Again, this was not new to me. That’s the way things have been most of my life. Yet the reasons for these differences is something all storytellers need to grapple with, as I believe it is a significant part in what makes some stories last in the eyes of the public and others fade away.

I strongly believe that most people who appreciate fiction look to it as a place of refuge from the world.

Let me try to explain this using the classic TV franchise Star Trek as an example. The essence of Rodenberry’s vision of the future is that humanity would change and mature until they no longer suffered from internal strife and division. Instead, they would travel into the stars, using their newfound cooperation to learn, grow and conquer the stars.

Was this vision a bit naive? Hopelessly optimistic? At times painfully detached from reality? Certainly. However, when you are tired from the constant conflicts in life, slipping onto the decks of the starship Enterprise with your favorite crew to sort out some sort of nonsense science project without any of that drama is mighty appealing. You’re not looking for craftsmanship. You’re not seeking moral lessons or political insight. You just need to feel some sense of meaning with people you know and like. Fiction offers that.

Most fiction franchises rise or fall not on the strength of their plots or their twists or their moods. They stand on the strength of their characters. The crews of Star Trek are packed full of fun, relatable and memorable characters who often carried their TV shows through poor scripts and network hostility. The original cast won over audiences to the point that some of them survived the years after Star Trek was cancelled on the generosity of their fans. James T. Kirk, Spock and Leonard McCoy remain the measuring stick for effective ensemble casts to this day.

When Picard gathered the crew of the Enterprise-D together one more time fans rejoiced. It was a bit like slipping on an old, comfortable pair of slippers one last time. The comfort and relaxation provided by spending a little more time with long loved characters is a precious thing. The timeless nature of fiction makes it possible to find that respite at any time, even if all you can do is talk about stories with others who have enjoyed them with you.

Fiction’s power of refuge is special. It can be horribly misused, both by tearing down the elements of a story that offer shelter and by manipulating others through the way fiction lowers a person’s guard. Audiences can also be tempted to crawl into fiction and abandon reality entirely. None of that is healthy.
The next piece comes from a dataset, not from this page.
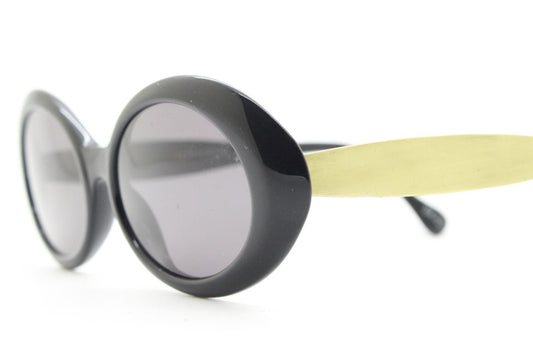 Benson and Ashley vintage 90s oval sunglasses model 406. Neat size quality 60s style acetate frame with tall flat gold arms. New Old Stock.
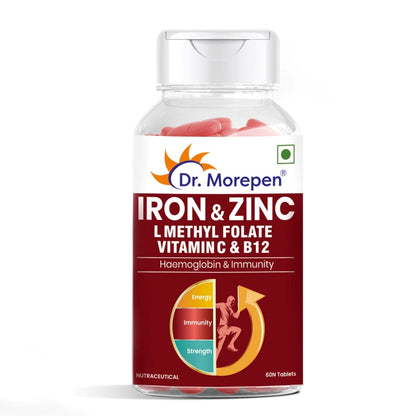 DR. MOREPEN Iron & Zinc Tablets with Vitamin C & B12 for Immunity & Hemoglobin Boost- (60 Veg Tablets)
Yet, when the boundaries and purposes of fiction are properly respected, fiction as shelter is not just good, it is great. Don’t let the drive for that to replace all the other things fiction can do. Moral teaching, craftsmanship, timelessness, empathy and many, many other benefits come from fiction as well. It’s fine to work them into a warm, comfortable story. But if you want those other elements to reach as broad an audience as possible, studying your fiction as a source of respite may be the most important element of all.